◆ **PROBLEM TO WORK ON**: Repeat exactly the line that contains "1980s Friedenfeld Asian" and every line after it, down to the last line of the entries below. Do not include pictures.

(Stored records)
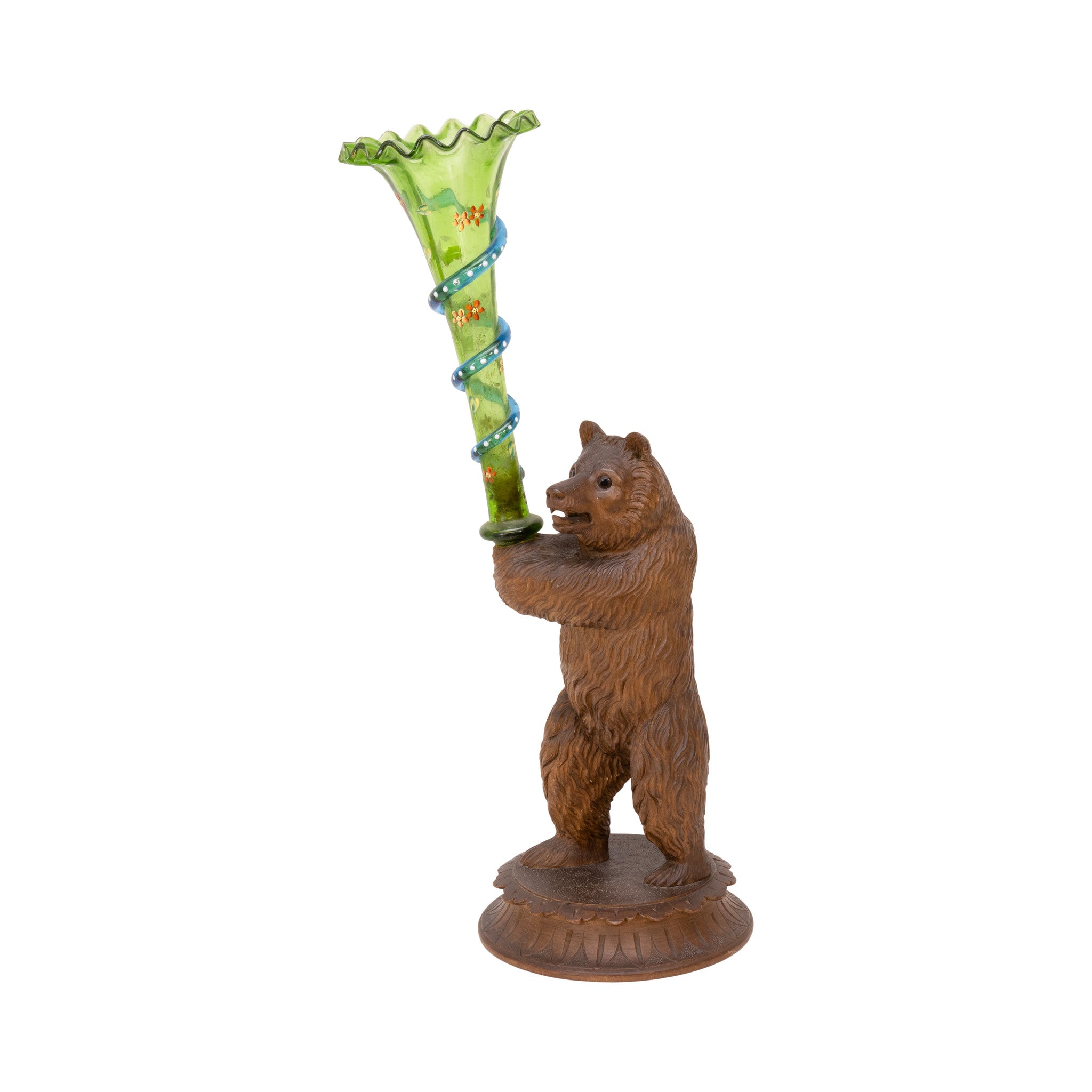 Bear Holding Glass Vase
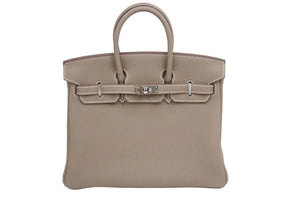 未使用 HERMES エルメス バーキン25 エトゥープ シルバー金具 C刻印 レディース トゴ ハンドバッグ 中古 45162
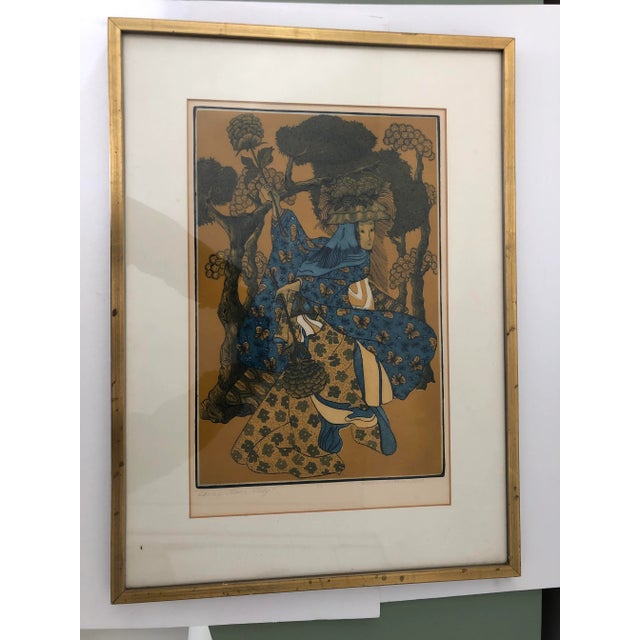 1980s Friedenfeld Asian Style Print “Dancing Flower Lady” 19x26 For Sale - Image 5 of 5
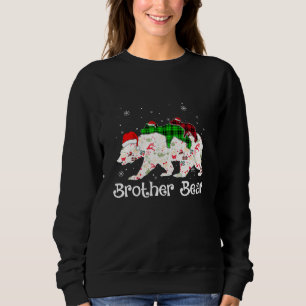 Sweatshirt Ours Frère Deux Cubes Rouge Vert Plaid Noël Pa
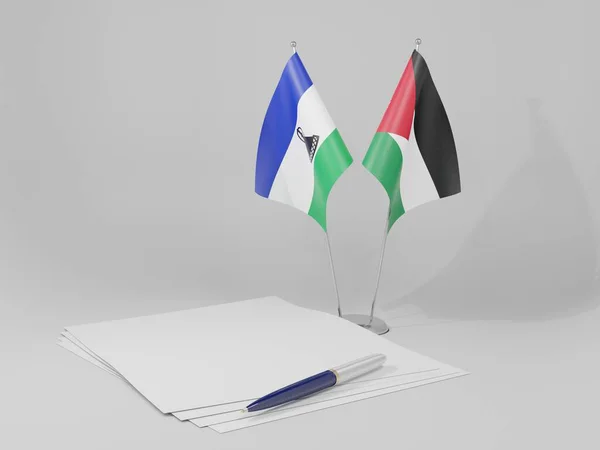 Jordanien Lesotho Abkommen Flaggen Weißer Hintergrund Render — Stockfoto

◆ **EXPECTED OUTPUT**:
 1980s Friedenfeld Asian Style Print “Dancing Flower Lady” 19x26 For Sale - Image 5 of 5
 Sweatshirt Ours Frère Deux Cubes Rouge Vert Plaid Noël Pa
 Jordanien Lesotho Abkommen Flaggen Weißer Hintergrund Render — Stockfoto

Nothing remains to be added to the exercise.